Once seen primarily as a lifeline for those struggling with poor credit or mounting bills, debt consolidation is now being embraced by high-income professionals who want structure and control. With interest rates still elevated, inflation lingering, and the cost of living rising, even top-earning borrowers are seeking solutions for managing their financial commitments without compromising their future.

Let’s explore why this shift is happening and how companies like BHG Financial are uniquely positioned to support these borrowers.

Debt Among High-Income Households: A 2025 Snapshot

 

Income doesn’t eliminate debt—especially in today’s economy

A six-figure salary doesn’t guarantee financial flexibility or debt-free lifestyles. Even those earning $100,000 or more annually are feeling the squeeze from rising costs, economic shifts, and the pressures of everyday life. Add in higher tax liabilities and the increasing cost of maintaining a professional living, and it’s clear why even high earners can feel cash strapped.

This disconnect between gross income and actual financial flexibility is known as the wealth paradox. And it’s real. A recent BHG Financial survey found that 68% of borrowers earning six figures had $10,000 or less in their checking and savings accounts. This suggests that having a high income doesn't always translate to having a lot of readily available cash.

 

Key stats that tell the story

Recent data paints a clear picture: debt is touching every income bracket—including those earning six-figures or more.

  • Growing credit card debt: Total U.S. credit card debt is approaching $1.2 trillion, according to Federal Reserve Bank data from Q1 2025, with high-income households contributing significantly.
  • Debt impacts retirement savings: Research from the Transamerica Center for Retirement Studies states that 53% of workers of all ages say that debt is interfering with their ability to save for retirement.
  • Living paycheck to paycheck: A report by PYMNTS analyzing economic data reveals that about 36% of Americans earning $200,000 or more per year are living paycheck to paycheck.
  • Income deficits are felt by all:  A 2016 Federal Reserve survey comparing income and spending found that 8% of higher-income households reported running an income deficit, while 17% only “broke even."
  • Skyrocketing costs of living: 2025 data from the Ludwig Institute for Shared Economic Prosperity’s True Living Cost report indicates that the cost of affording basic economic security (including housing, food, healthcare, education, transportation, technology, and more) has nearly doubled, rising 99.5% between 2001 and 2023—this is 38% faster than the Consumer Price Index.

Why Six-Figure Earners Are Rethinking Their Debt Strategy

 

High income ≠ high liquidity

Many high earners operate on tight margins due to significant monthly obligations and inconsistent income streams, making it challenging to manage multiple debts.

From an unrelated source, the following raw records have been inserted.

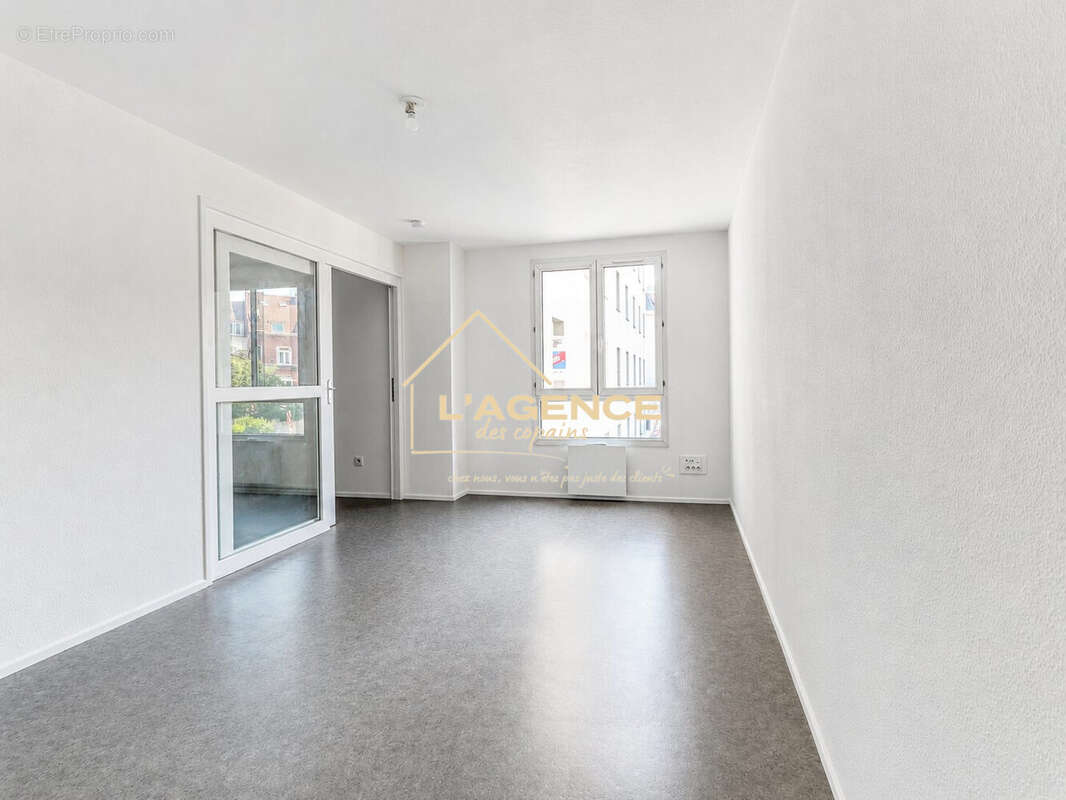Appartement à LILLE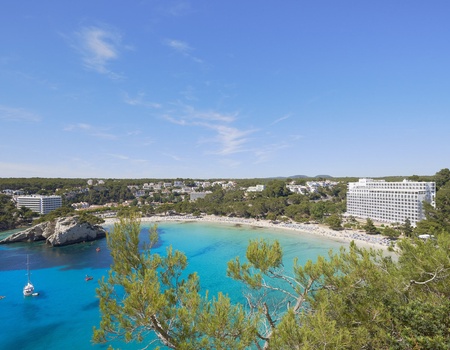 Hôtel Melia Cala Galdana - 3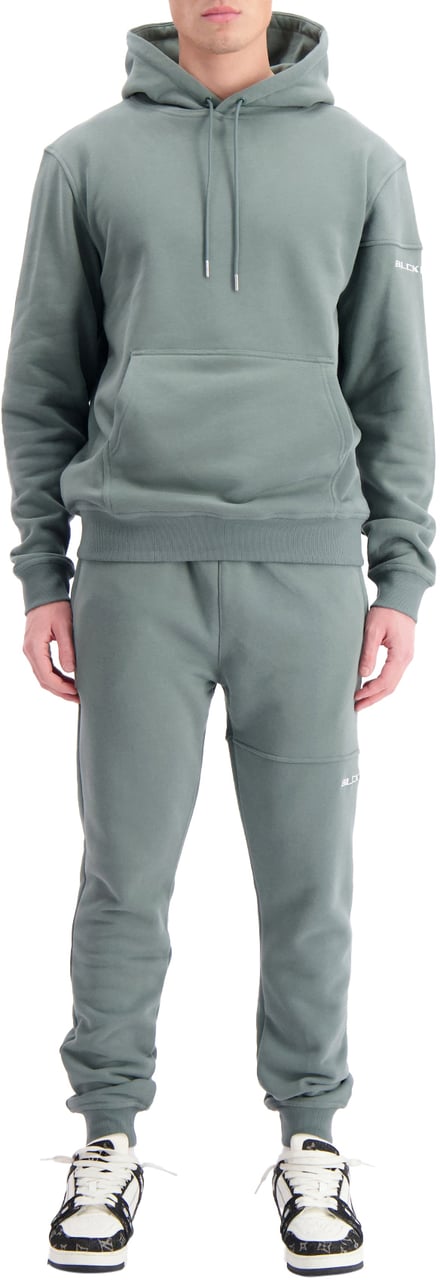 Black Bananas Force Sweatsuit Groen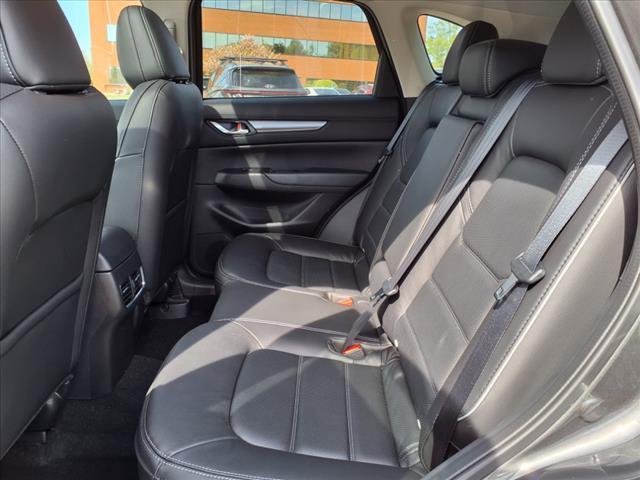 new 2025 Mazda CX-5 car, priced at $33,785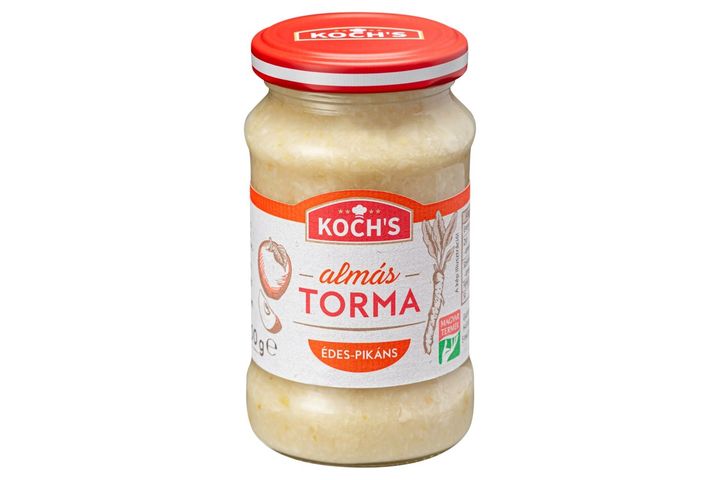 KOCH'S almás torma édesítőszerrel 200 g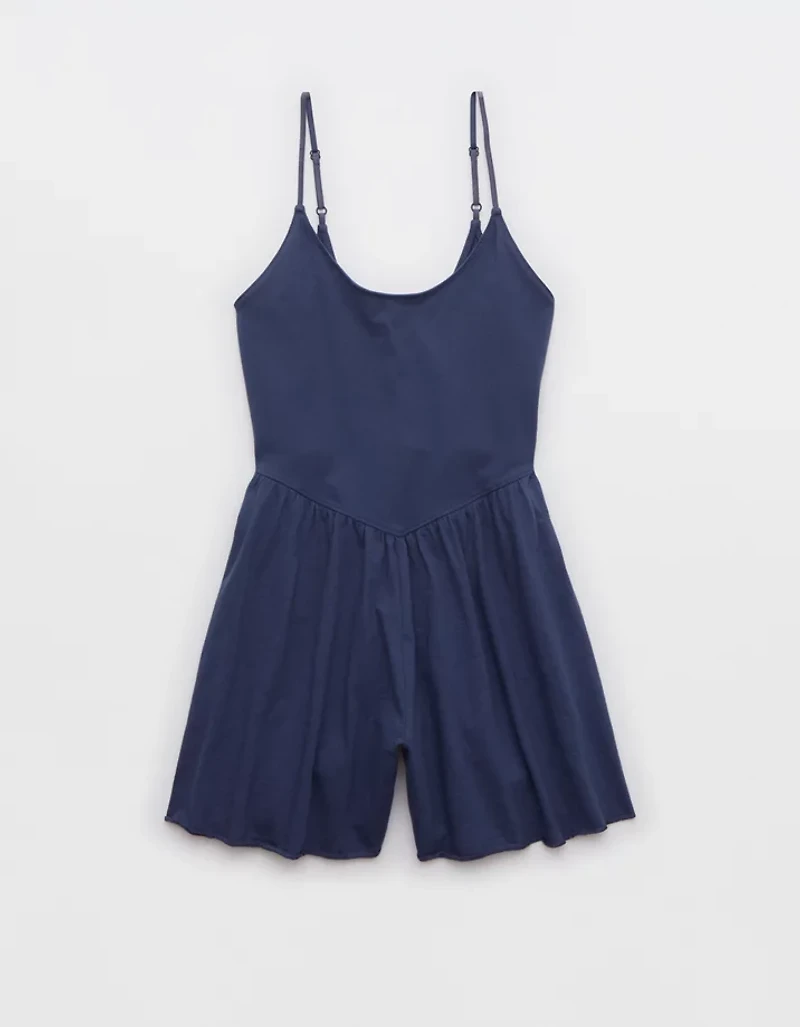 Aerie At The Barre Romper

Business owners, physicians, consultants, and other professionals often experience irregular cash inflows, substantial operational expenses, or delayed receivables. Combine this with large mortgages, student loans, or high-interest credit cards, and it’s easy to see why liquidity remains a challenge.

 

Credit card APRs remain at record highs

Credit card interest rates in 2025 are hovering above 20%, making debt more expensive than ever. Even prime borrowers can’t “out-earn” this kind of interest.

High APRs can quickly erode cash flow, especially if balances are carried over from month to month. For high-income individuals trying to maximize savings and investments, paying thousands in credit card interest makes little sense.

 

Debt consolidation offers structure and predictability

Debt consolidation provides a practical solution for eliminating high-interest debt, including credit cards and other loans. By combining multiple debts into a single, new loan, borrowers can benefit from a fixed interest rate, a single monthly payment, and often a longer repayment term. This structure and predictability make it much easier to manage finances.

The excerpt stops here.